*** Information Section Begins ***

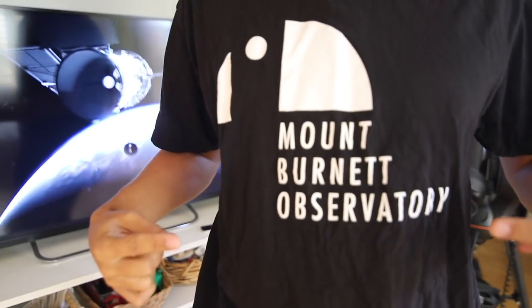Shout out to the Mount Burnett Observatory. Thanks for the t-shirt, thanks for coming to StarStuff. And shout out to Neil Creek as well, an astrophotographer from there. Really accomplished. You should check his work out.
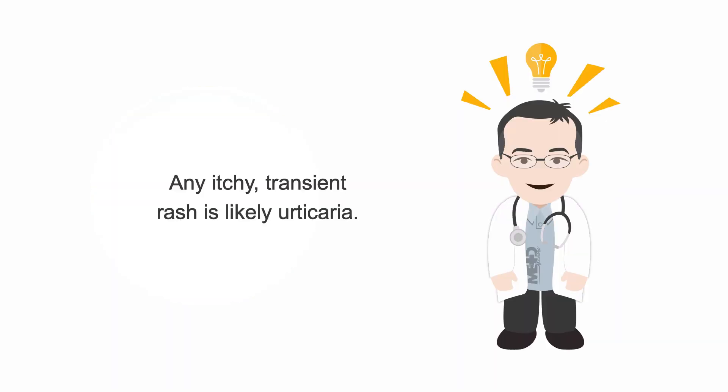So remember, any widespread, itchy rash that is transient or moves around within 6 to 12 hours should be considered urticaria until proven otherwise.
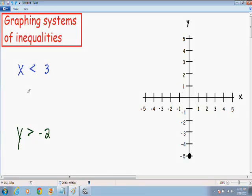Here we have the system of inequalities x is less than 3 and y is greater than negative 2. Our first step is the same as in a previous example — we have to graph these just like we would a normal line.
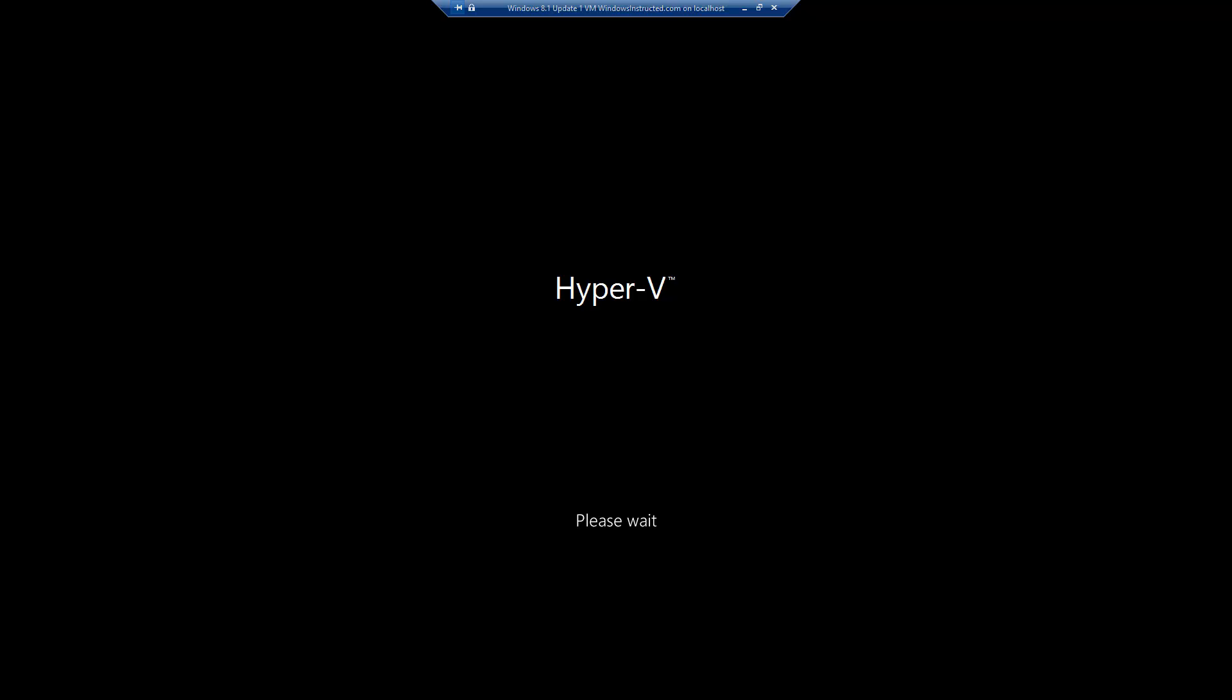If you get this message that your system has failed to boot numerous times, just ignore this.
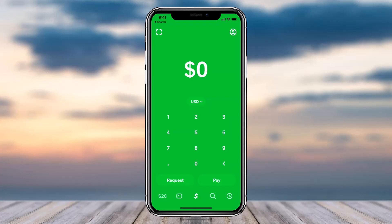How to cancel a pending payment on CashApp. Hey everyone, welcome back to another tutorial video. In today's video I'll show you how you can cancel a pending payment on CashApp. To do that, first of all open CashApp on your mobile device and then simply log into your account.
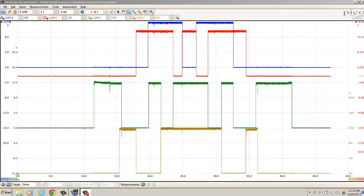Here are the four traces that we got off of the four switches inside the transmission range sensor. The blue trace is L1 switch, the red trace is L2, the green trace is L3, and the gold-looking trace at the bottom is L4.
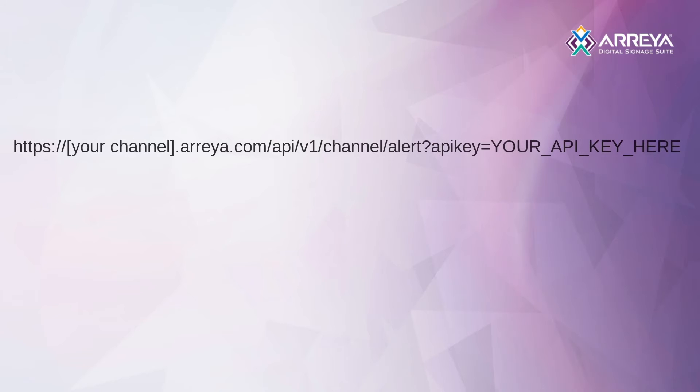Each request URL should start with your Araya channel URL, followed by the Alerts API endpoint and the API key parameter set to your API key that you retrieved earlier from the Araya dashboard.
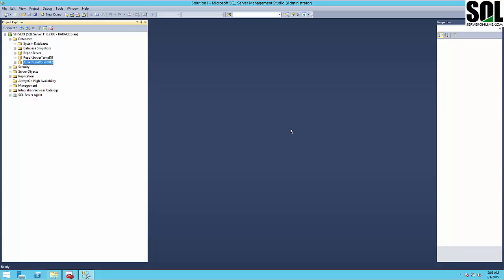Welcome! In this video I will show you one simple example of how we can create database mirroring across remote servers. Database mirroring is a solution for increasing the availability of a SQL Server database.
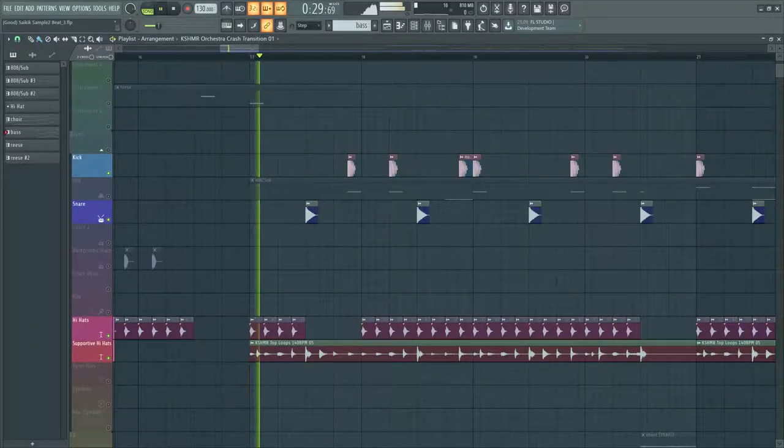I went for a simple drum pattern. Then I found this interesting yet sexy top loop and layered it with my hi-hats.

*** Information Section Ends ***

- About this exercise: Lines from the one holding "Here are the" down to the last line of the entries above must be retyped exactly, inclusive of both, with no pictures and nothing else.

- Solution to this problem:
Here are the four traces that we got off of the four switches inside the transmission range sensor. The blue trace is L1 switch, the red trace is L2, the green trace is L3, and the gold-looking trace at the bottom is L4.
Each request URL should start with your Araya channel URL, followed by the Alerts API endpoint and the API key parameter set to your API key that you retrieved earlier from the Araya dashboard.
Welcome! In this video I will show you one simple example of how we can create database mirroring across remote servers. Database mirroring is a solution for increasing the availability of a SQL Server database.
I went for a simple drum pattern. Then I found this interesting yet sexy top loop and layered it with my hi-hats.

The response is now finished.